Gina. Was it possible that she began to linger overlong at Norman's desk? She is younger, but not so much younger. Twelve years? Fifteen? Twenty? She is lean, and her walk is strong. She smiles at him often, but then Norman is her boss and this is not a bad strategy with a boss. Norman knows that gender dynamics have changed over the years and that successful women sometimes use their womanness to their advantage. Her skirts stretch very tightly over her hips and they ride up high. Norman does not remember this style of skirt on the young women of his generation. In high school, the boys would duck their heads to peek at the girls' calves beneath their hemlines, and that's what he first saw of Ellie. The ankles a bit thick, yes, but the calves, shapely, promising something interesting higher on the leg. With the skirts today, no imagining is necessary, but in seeing them, the mind races, Norman thinks, and not in a good way. And the breasts, they tremble above the open neck of her blouse; a small charm tumbles down the gap from a necklace, inviting one to look. On cold winter days, she entered the office hugged by a heavy coat, covered, but then she shook free from the coat and there she was, all of her, the skirt, the blouse.

These newer styles seemed wrong, inappropriate, but… effective, was the word that came to Norman's mind.

They started showing up at work, one or two of them in the bathroom or the kitchenette. Norman wondered how they got past security. Everyone in the building was supposed to wear a name badge. “So,” the one with the lime-green sweater said, “dinner with Gina.”

“It's with the whole team,” Norman replied, stirring powdered creamer into his coffee. “Thanks for a job well done.”

The man frowned at Norman's cup. “How do you drink that crap?” he said. “Ever hear of a mochaccino?”

“I've been drinking it every day, and no, I wouldn't know about mochaccinos.”

The man went to the fridge and pawed through the leftover lunches, grimacing at the Chinese takeout containers and a half-eaten Caesar salad with breaded chicken strips. “Ugh, you people are going to eat yourselves into your graves. Want to see my six-pack?”

“Is there something you wanted?” Norman said, sighing.

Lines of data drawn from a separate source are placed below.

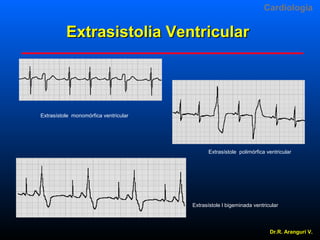 Cardiologia

Extrasistolia Ventricular

Extrasístole monomórfica ventricular

Extrasístole polimórfica ventricular

Extrasístole l bigeminada ventricular

Dr.R. Arangurí V.

 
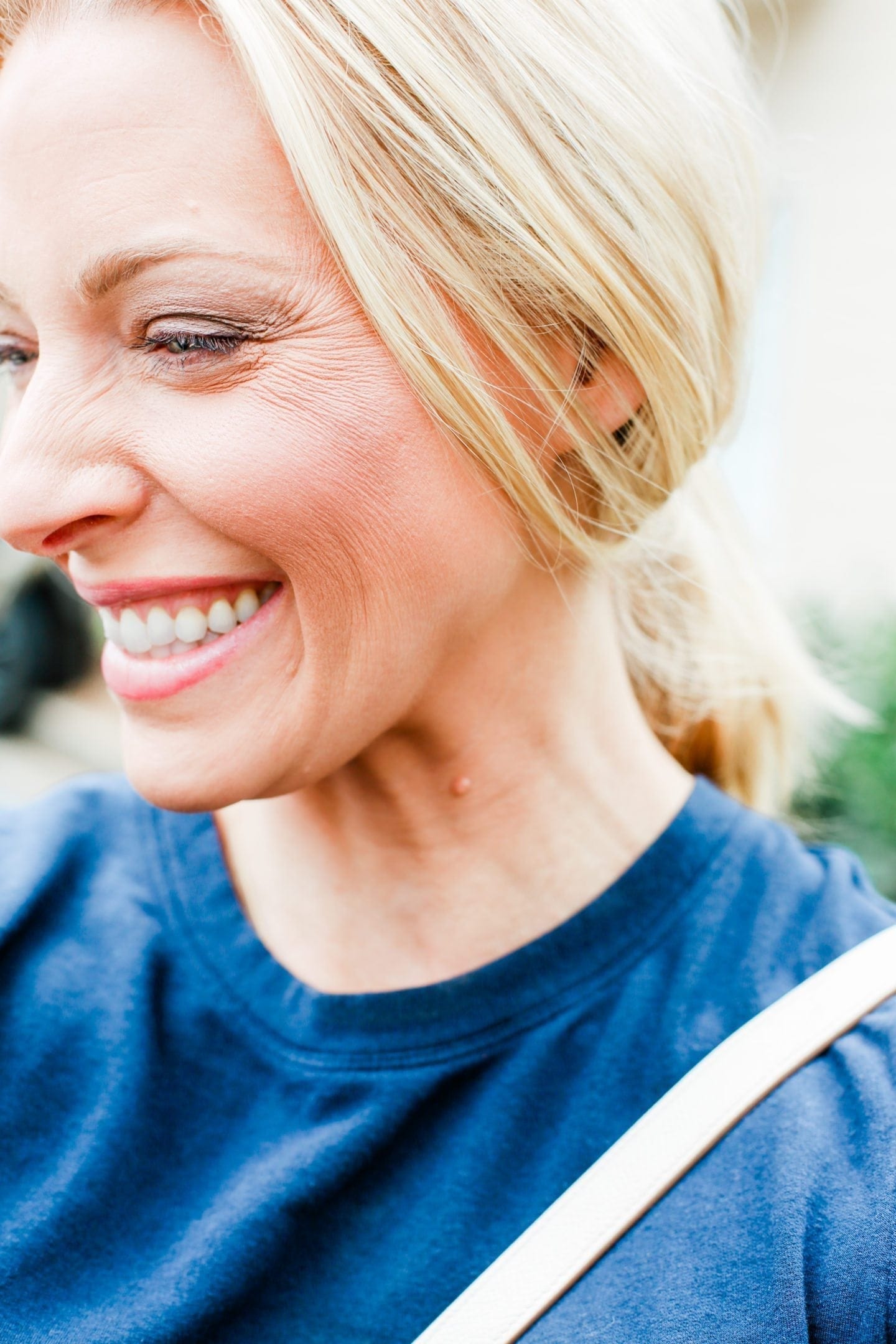 Does botox work? Before and after pictures of Botox and filler injections.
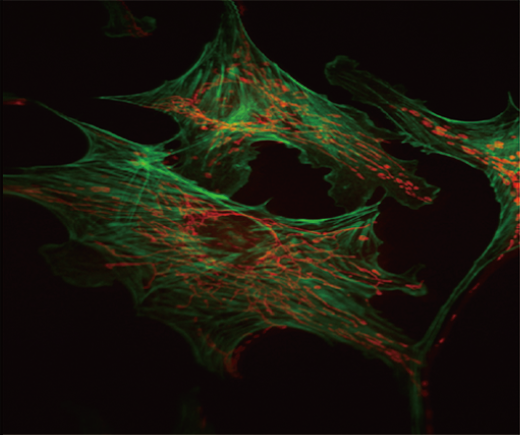 endothelium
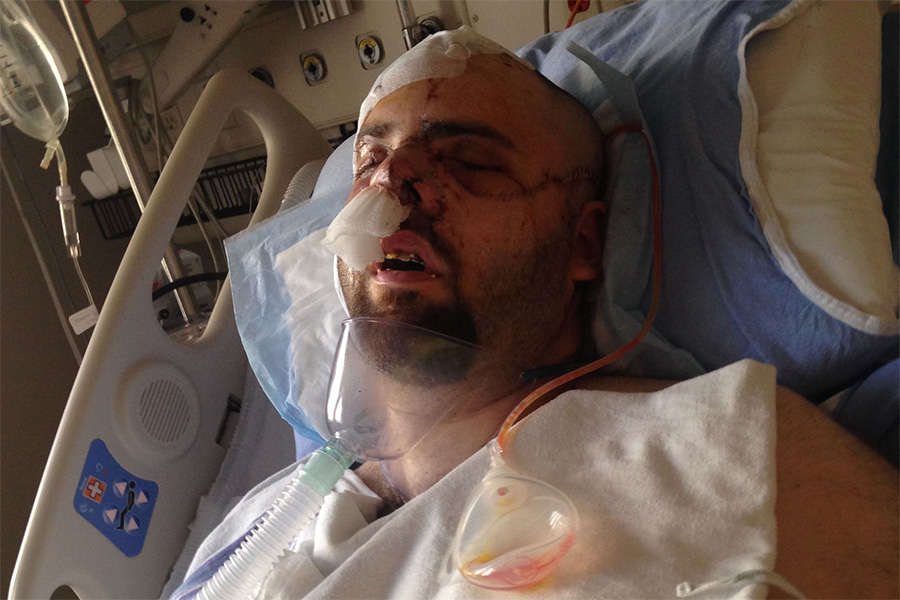 Man attacked by grizzly bear talks about the scary experience with Emmy
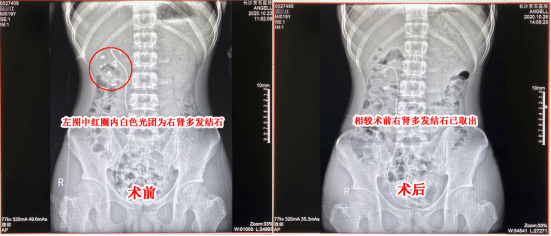 肾结石是属于什么病 1e5f93df10a94df7835739b79dede622.png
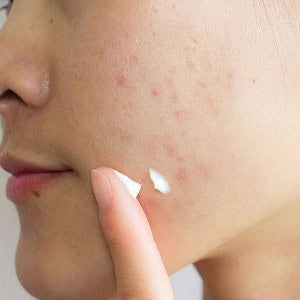 SKIN1004 Madagascar Centella Tea-Trica Spot Cream | Crema Calmante Anti-Imperfecciones (20 ml) www.sallunabeauty.com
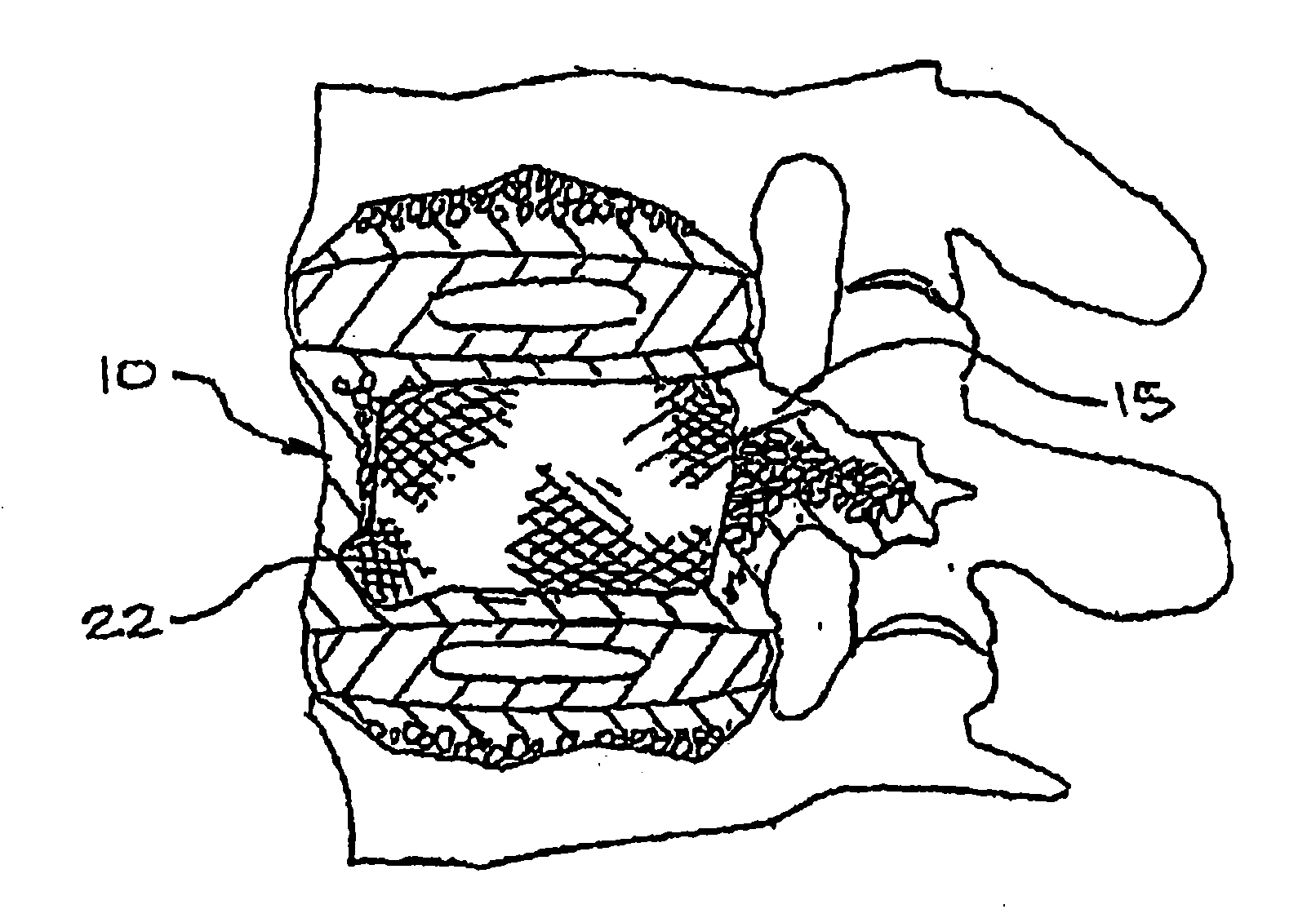 Expandable porous mesh bag device and methods of use for reduction, filling, fixation and supporting of bone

He shut the fridge and turned to Norman. “You drink that sludge every day, and I'm sure you think it suits you just fine, but the truth is I've seen you drive by the coffee places and you're curious about the lattes, the mochaccinos, the frappuccinos.”

“I don't even know what those are, nor do I care,” Norman said. Truthfully, Norman often found himself staring at the windows of these coffee places that suddenly seemed everywhere, wondering about the possibilities inside, but he would never go in for fear of making himself the fool by ordering wrongly. “Why break what doesn't need fixing?” Norman said.